To do: Leave out the pictures and give back all the entries exactly as written.

Records supplied:
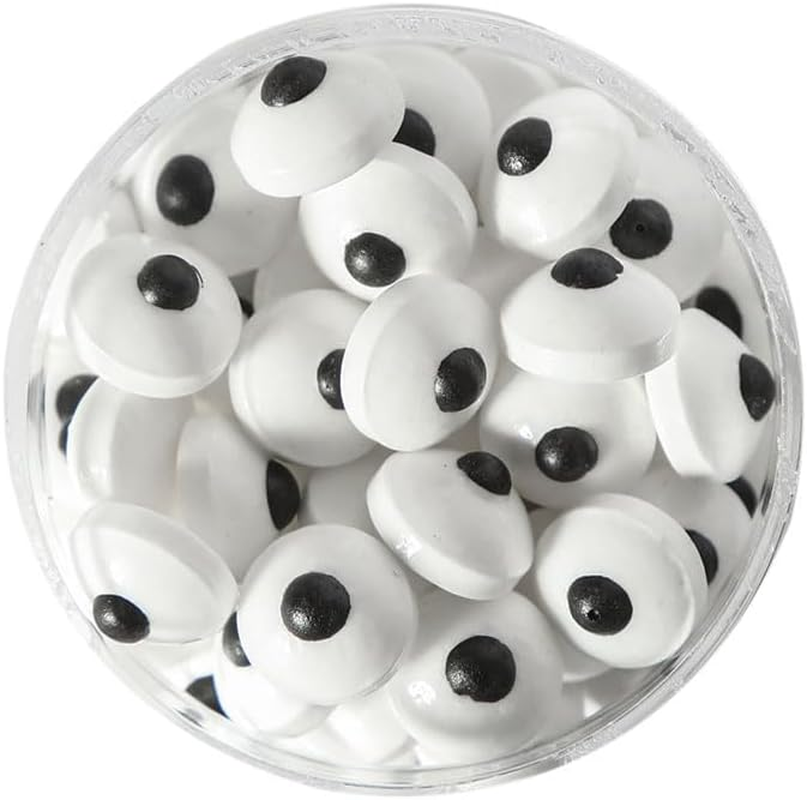 Sprinks Small Eyes 500G | Sugar Sprinkles for Cake Decorating | Edible Decoration for Cakes | Cupcakes | Cookies | Brownies | Ice Cream | Sundaes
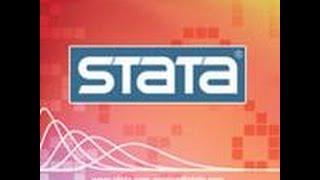 Stata Cross Tabulation Tables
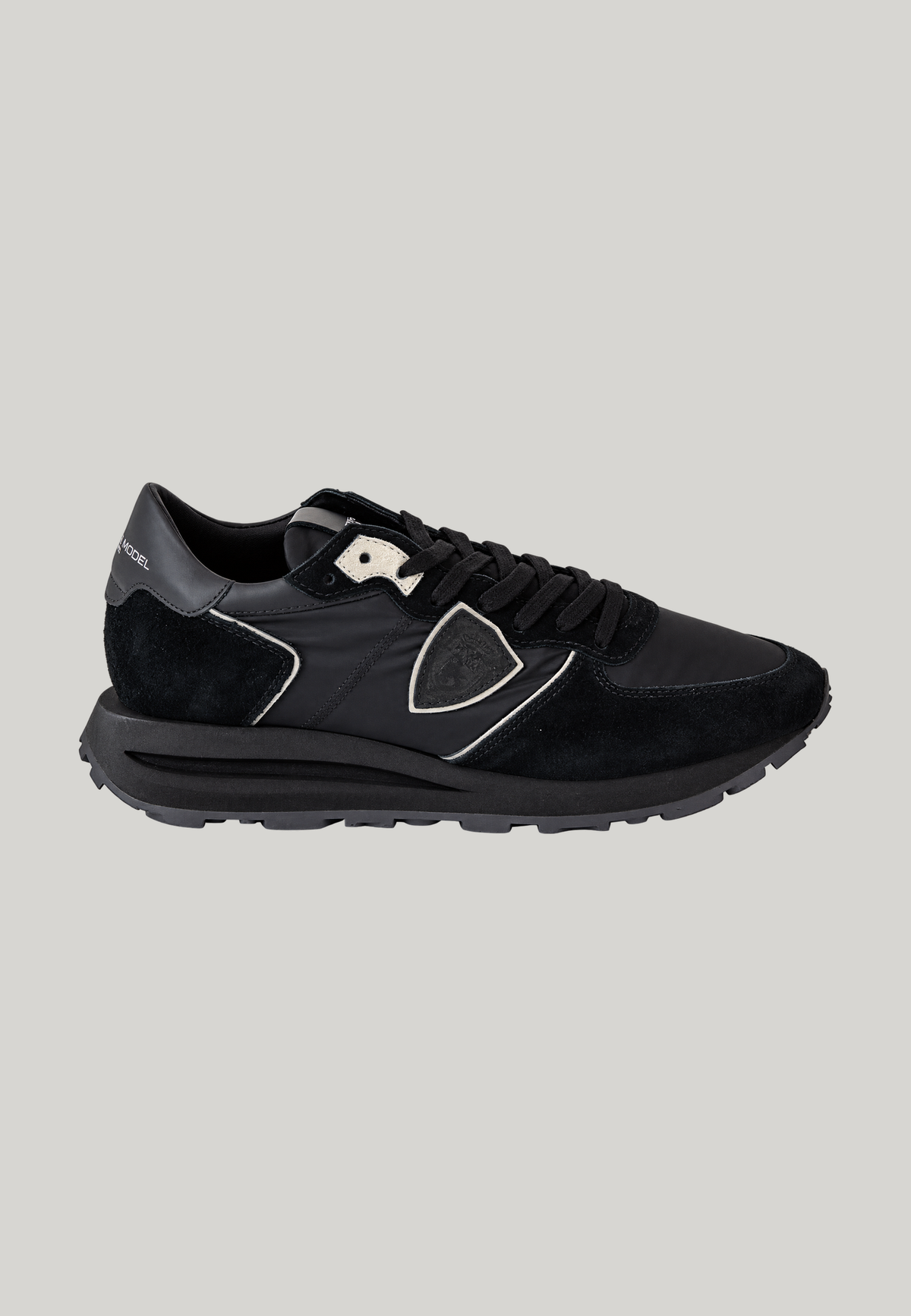 RUNNING TROPEZ NERA
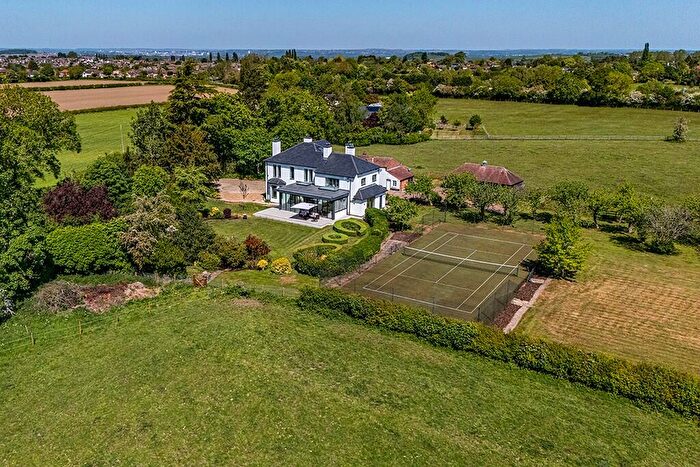 5 Bedroom Detached House For Sale In Fairfield House, Widmerpool Lane, Keyworth, Nottinghamshire, NG12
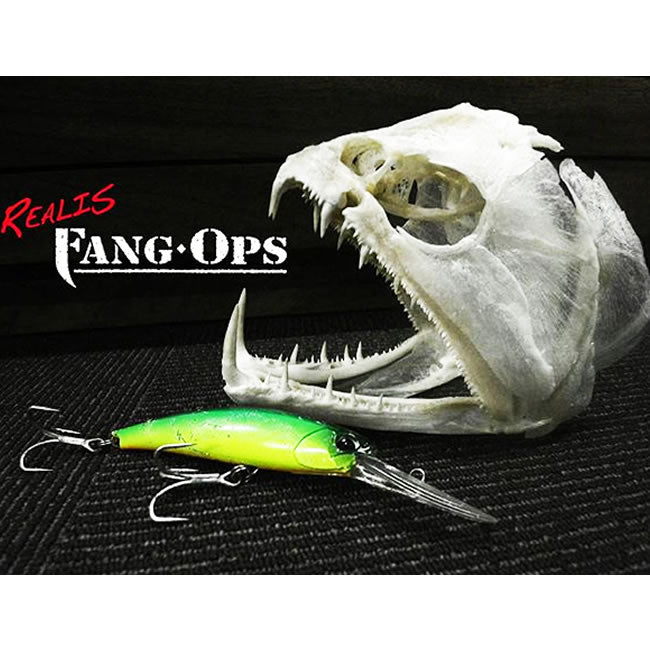 Vobler DUO Fangbait 120SR, Albino F ACC3302, 12cm, 25.8g, 1buc/pac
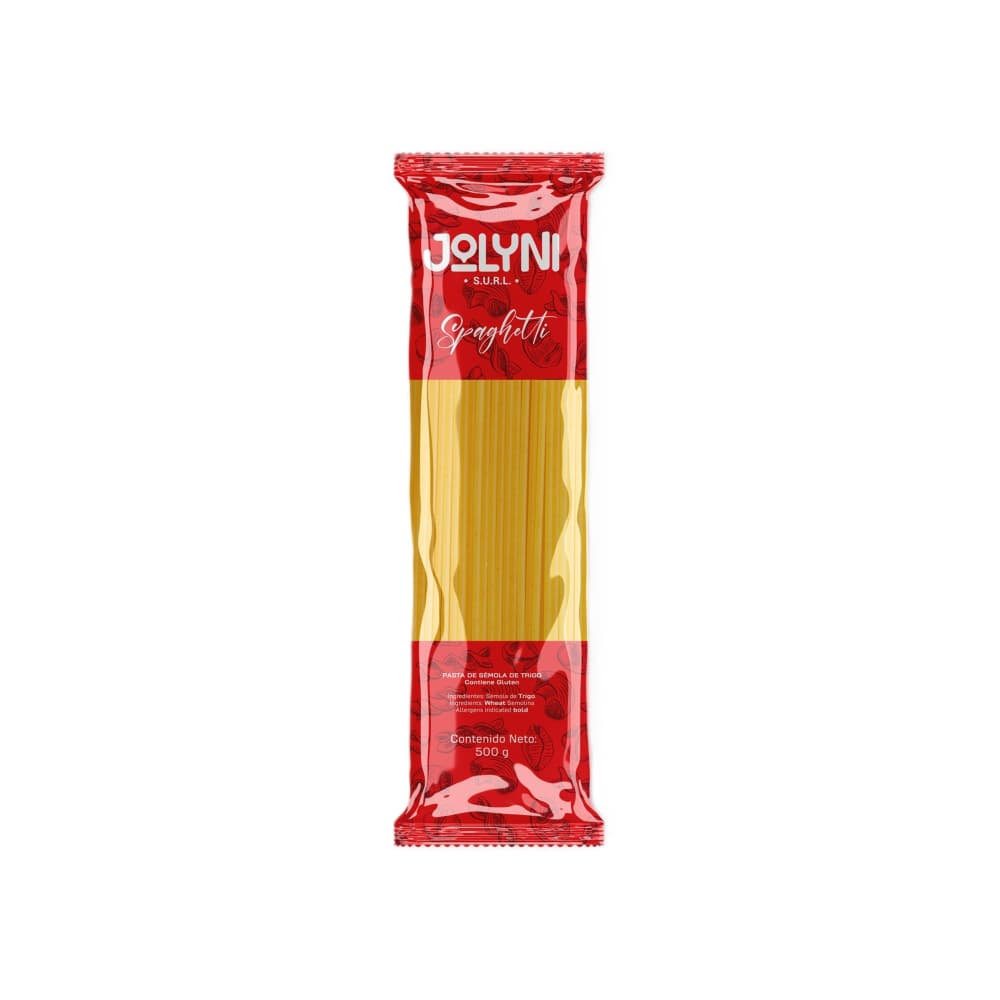 Spaghetti Jolyni (500 g / 17.63 oz) - Miniatura 1
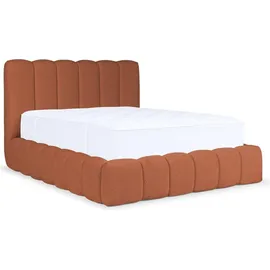 yourhouse24 Cande 140 x 200 cm rot
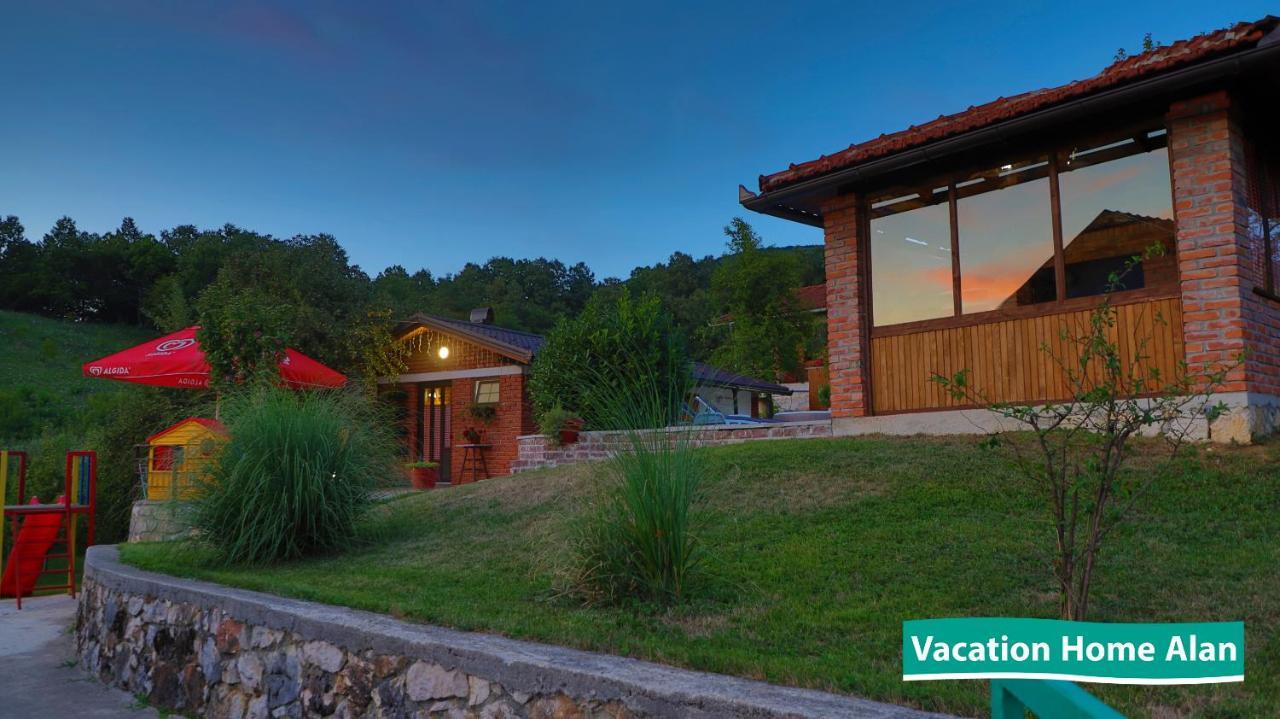 Vacation Home Alan 2 クレン・ヴァクフ エクステリア 写真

The answer:
 Sprinks Small Eyes 500G | Sugar Sprinkles for Cake Decorating | Edible Decoration for Cakes | Cupcakes | Cookies | Brownies | Ice Cream | Sundaes
 Stata Cross Tabulation Tables
 RUNNING TROPEZ NERA
 5 Bedroom Detached House For Sale In Fairfield House, Widmerpool Lane, Keyworth, Nottinghamshire, NG12
 Vobler DUO Fangbait 120SR, Albino F ACC3302, 12cm, 25.8g, 1buc/pac
 Spaghetti Jolyni (500 g / 17.63 oz) - Miniatura 1
 yourhouse24 Cande 140 x 200 cm rot
 Vacation Home Alan 2 クレン・ヴァクフ エクステリア 写真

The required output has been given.